Did I misunderstand Udell’s argument against WinFS?

Several responses to my last post on Jon Udell’s entries on WinFS suggest that I didn’t get the Jon's point at all.  Dare wrote “You missed his point almost completely.” And David (no blog link provided) said “Next time, try reading the article before you respond to it.   Where does he contend that "full text search over XML files is good enough"?”  I bumped into Alex Hopmann (another active MS blogger, I see 😉 at the gym, and he said I missed the point too.

Well, David, I was just going by what Jon said his point was:

Here's the point of this installment. To the extent that our personal information stores contain information represented in XML, we have standard ways to search them.

Note also that the one example he gives (“There's no need to wait until 2007 to see what this would be like”) is all about searching over XML tags,

The same XML data will be open to the more powerful kinds of search available in the newer XML technologies now coming online: XPath 2.0, XQuery. Meanwhile, a growing number of databases are gearing up to do this kind of search efficiently, often in combination with both relational and free-text querying.

 And here’s how Jon himself summed up that original entry, as a prelude to his second entry on WinFS:

I concluded that the compelling benefit of WinFS must lie in the realm of "organizing stuff" rather than just "finding stuff" -- else why not just leverage existing and well-understood relational, free-text, and XML search methods?

So let my try again.  Here’s how I read Jon’s argument across his two WinFS entries:

  1. Everybody agrees that users need help finding and organizing their data.

  2. There are two basic ways to approach this problem

    1. Simply full-text index all your content, to allow quick full-text search

    2. Allow for semantic relationships between data to enable a richer search/organization experience

  3. The first option, full-text, is pretty darn appealing: “The power of pervasive free-text search, by the way, is something that Microsoft seems consistently to underestimate”, “brute-force free-text search routinely trumps navigation and structured search

  4. There is added value to the relationship approach: “it's easy to state the practical benefit. If my personal information store contains items of types Person, Organization, Project, and Document, and if it knows about relationship types like Employment and Authorship, then I can easily answer questions like "Which Project X documents were written by Doug?"

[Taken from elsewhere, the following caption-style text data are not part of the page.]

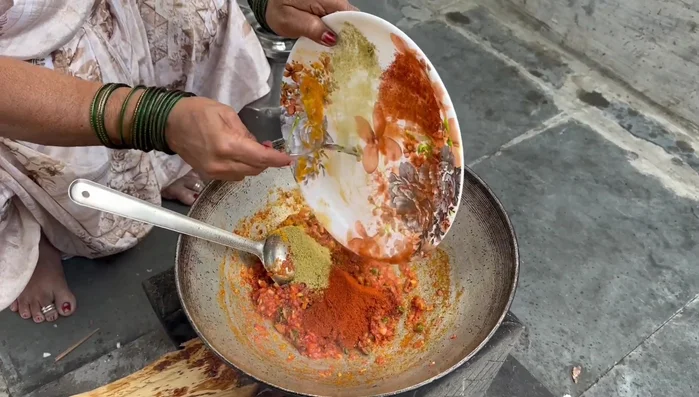 Add turmeric powder, coriander powder, red chili powder, and other spices. Fry well.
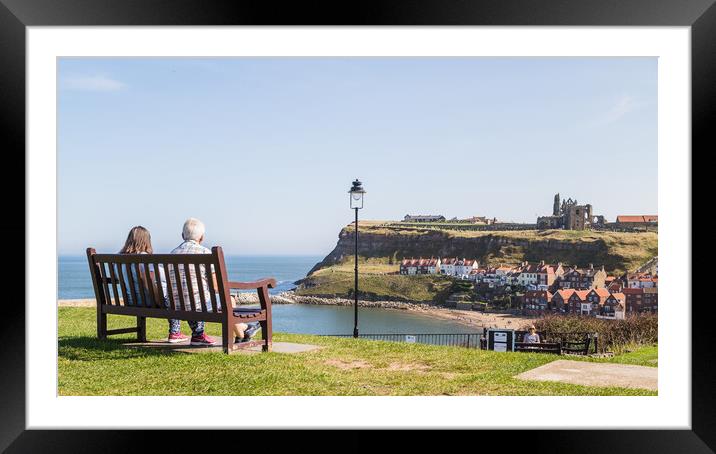 Couple on a bench overlooking Whitby harbour Framed Mounted Print by Jason Wells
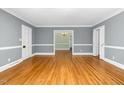 Open living room with hardwood floors, gray walls, white molding, and an elegant entry to dining room at 127 Wilkinson St, Rocky Mount, NC 27804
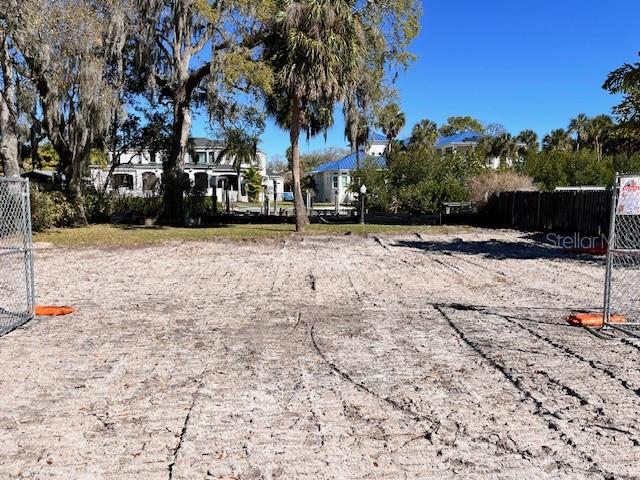 A cleared, sandy residential lot is framed by chain-link fencing under a clear blue sky — 2640 S DUNDEE STREET, TAMPA, FL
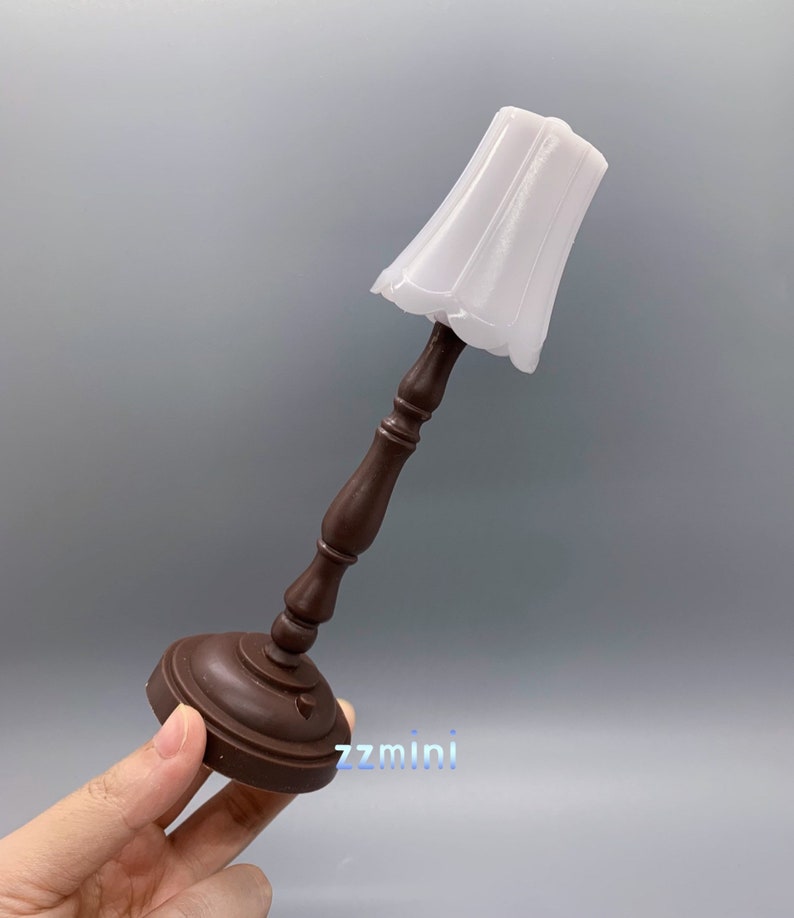 Pu&ograve; includere: Una lampada da tavolo in legno marrone in miniatura con un paralume in tessuto bianco. La lampada &egrave; alta circa 15 cm.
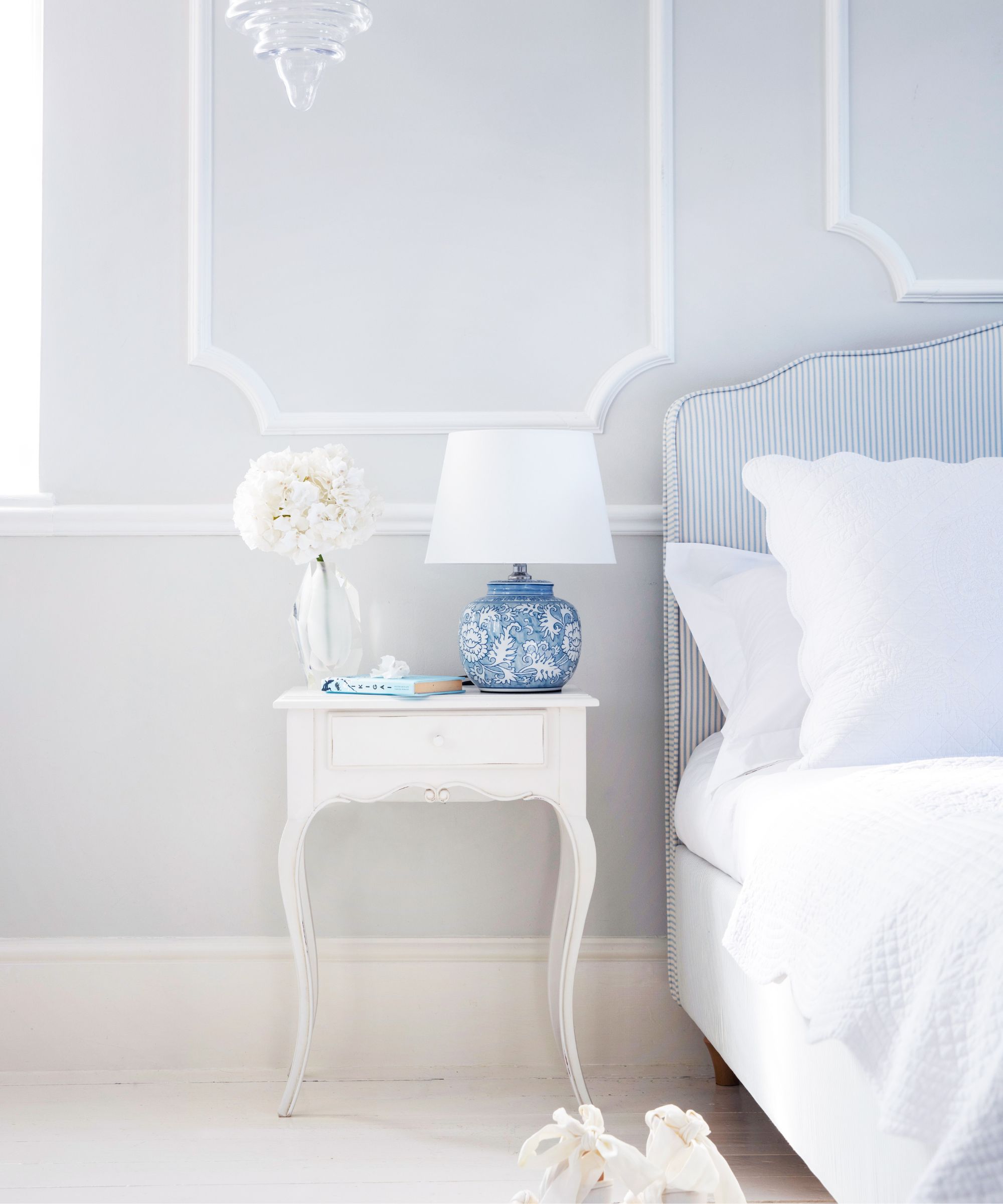 Bright and airy bedroom with a classic, elegant style, featuring a delicate white side table topped with a blue patterned lamp and fresh white flowers.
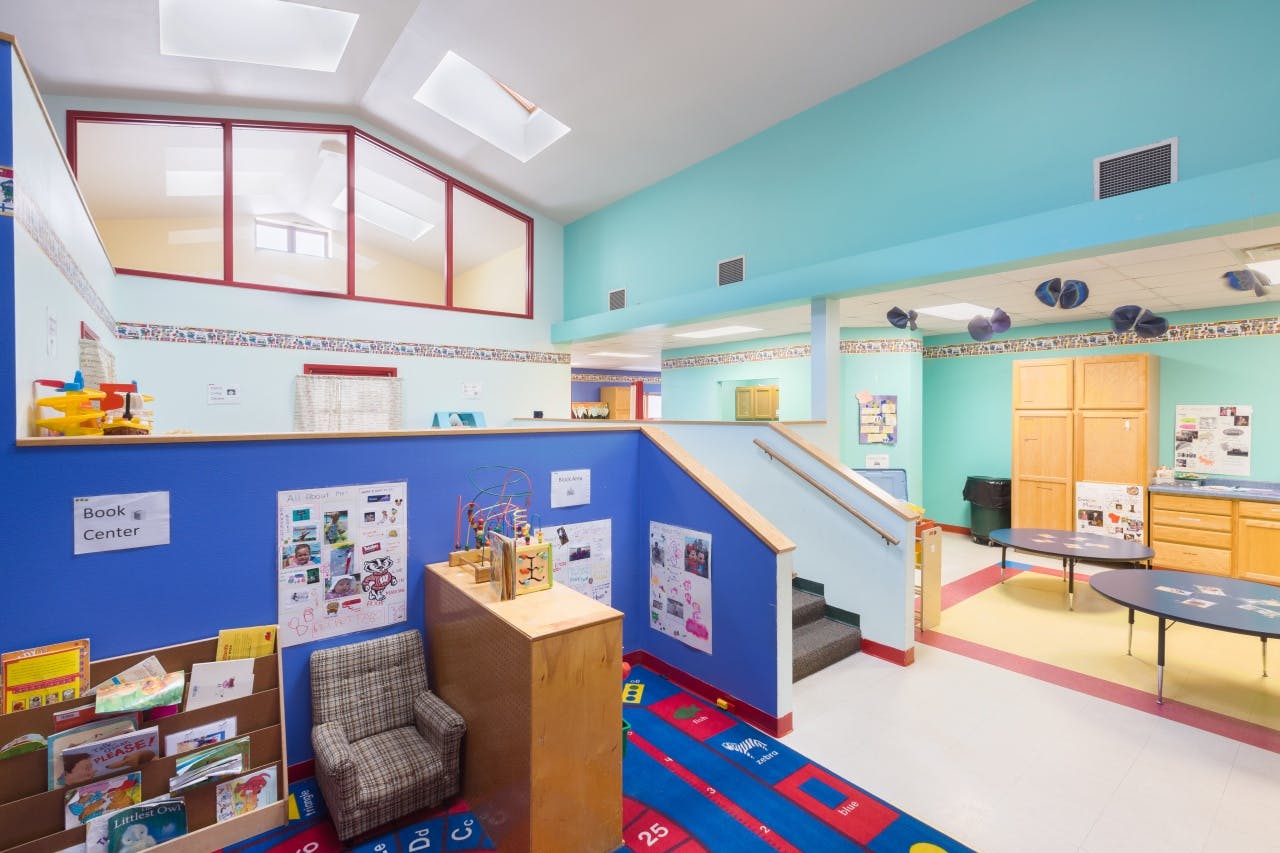 Playroom with blue walls, a staircase, and colorful rugs
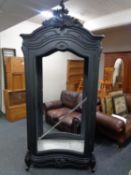 A double sided French style shop display cabinet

  5. But, we’re years away from a world like (4), with consistently rich relationship data: “in practice, I wonder if anybody […] can mandate such an approach given the chaotic messiness of reality”, and quoting Joshua Allen, “real-world information is chaotic

  6. On the other hand, the trends do support a world where full-text is a reality, thanks to two trends: “the growing use of open XML file formats, and the steady advance of databases that can index and search XML content.”

  7. These trends in (6) foster the following philosophy: “Let's get schematized information out into the open, where any XML-aware tool can see it and touch it and work with it

  8. WinFS, by contrast, “envisions a canonical set of schemas woven tightly into Longhorn”, and embraces the philosophy “Let's put schematized information into Windows, where any CLR-aware Windows application can see it and touch it and work with it

  9. In conclusion, “Personal information management, in Longhorn, will be a walled garden with its own notion of schema, and its own query language. To give users the benefit of finding stuff, Longhorn-style, developers will have to implement the Longhorn model. And then they'll have to find ways to unify that approach with the XML-oriented model prevailing in the world at large -- and indeed, even on pre-Longhorn Windows systems.”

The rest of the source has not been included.